PUSATNEWS Gaza, 16 Mei 2025 — Ketegangan di Jalur Gaza terus meningkat seiring desakan Hamas kepada Perdana Menteri Israel, Benjamin Netanyahu, untuk membuka jalur bantuan kemanusiaan sebagai syarat minimum dalam negosiasi gencatan senjata.
Pejabat senior Hamas, Basem Naim, menegaskan bahwa masuknya bantuan ke Gaza merupakan prasyarat mutlak untuk menciptakan lingkungan negosiasi yang kondusif dan konstruktif. “Persyaratan minimum untuk lingkungan negosiasi yang kondusif dan konstruktif memaksa pemerintah Netanyahu untuk membuka penyeberangan dan mengizinkan masuknya bantuan kemanusiaan,” ujar Naim dalam pernyataannya, dikutip dari AFP pada Jumat (16/5/2025) .
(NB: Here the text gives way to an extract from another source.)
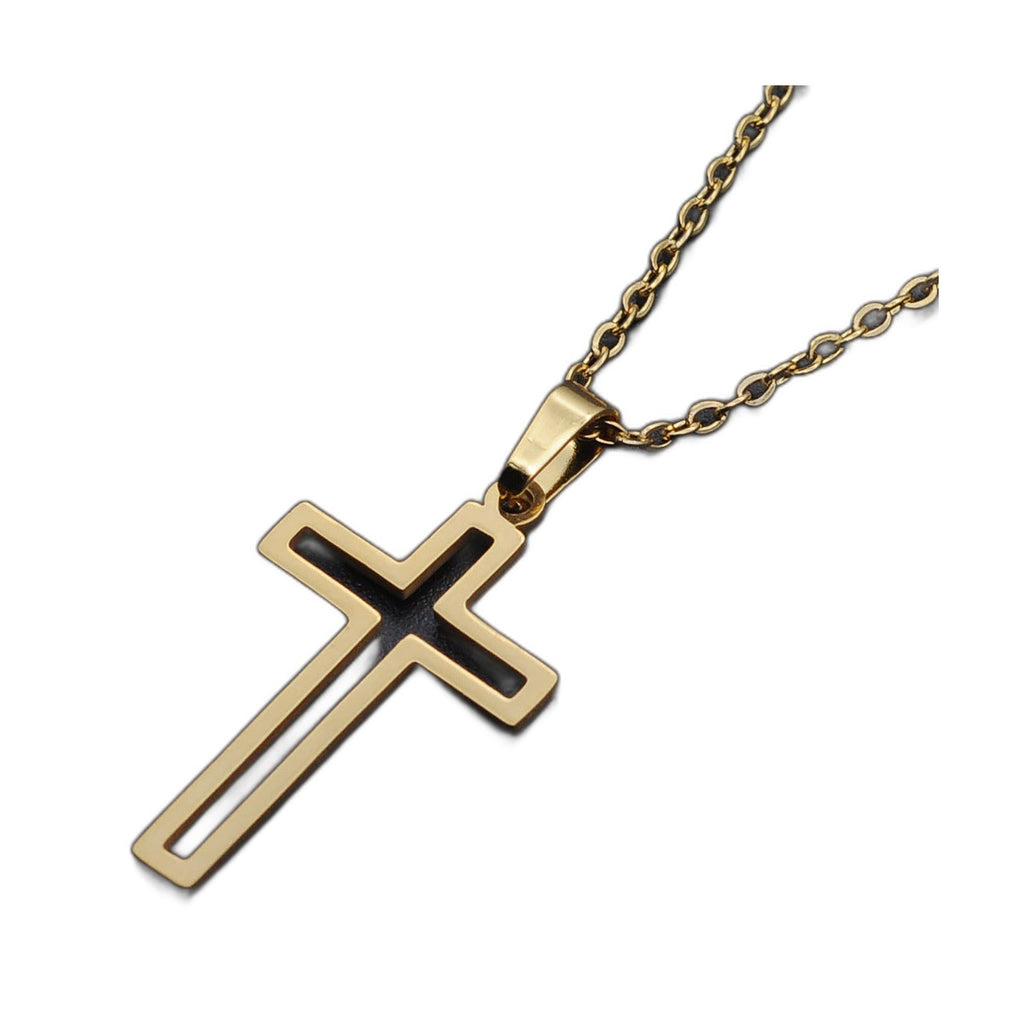 Titanium Steel Cross Necklace | Christian Jewelry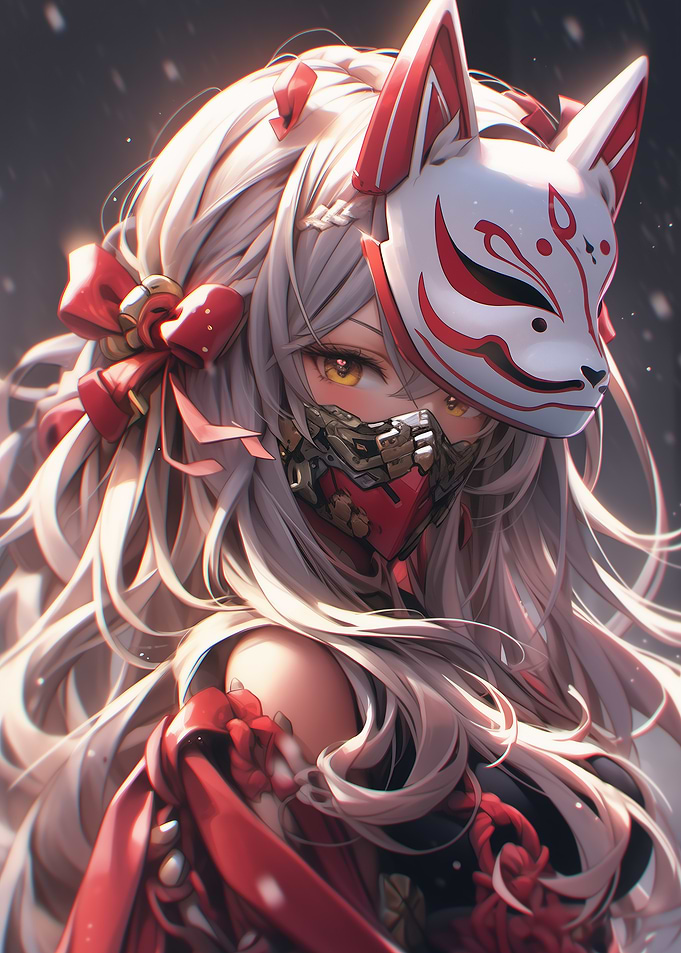 Cute Samurai Ninja Maiden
Blokade Israel terhadap jalur masuk bantuan ke Gaza telah berlangsung sejak 2 Maret 2025, menyebabkan krisis kemanusiaan yang parah. Lebih dari 52.900 warga Palestina telah tewas sejak dimulainya konflik pada Oktober 2023, dengan hampir setengah juta orang menghadapi ancaman kelaparan .
Sementara itu, Netanyahu tetap bersikukuh untuk melanjutkan operasi militer hingga Hamas “dihancurkan sepenuhnya,” meskipun ada tekanan internasional untuk menghentikan perang. Ia menolak usulan gencatan senjata permanen, bahkan jika kesepakatan pembebasan sandera tercapai .
Dalam upaya diplomatik terbaru, Israel mengirim delegasi ke Doha, Qatar, untuk melakukan pembicaraan tidak langsung dengan Hamas, dengan mediasi dari Amerika Serikat, Mesir, dan Qatar. Namun, perundingan ini terhambat oleh perbedaan pandangan mengenai penghentian perang dan pengiriman bantuan kemanusiaan .
Di tengah situasi ini, Presiden AS Donald Trump mengusulkan rencana kontroversial untuk mengubah Gaza menjadi “zona kebebasan” yang berfokus pada bisnis dan rekreasi. Proposal ini ditolak keras oleh Hamas, yang menganggapnya sebagai pelanggaran terhadap kedaulatan Palestina .
Krisis kemanusiaan yang memburuk dan kebuntuan dalam negosiasi menimbulkan kekhawatiran internasional. Banyak pihak mendesak agar jalur bantuan segera dibuka dan gencatan senjata dicapai untuk mencegah penderitaan lebih lanjut bagi warga sipil di Gaza.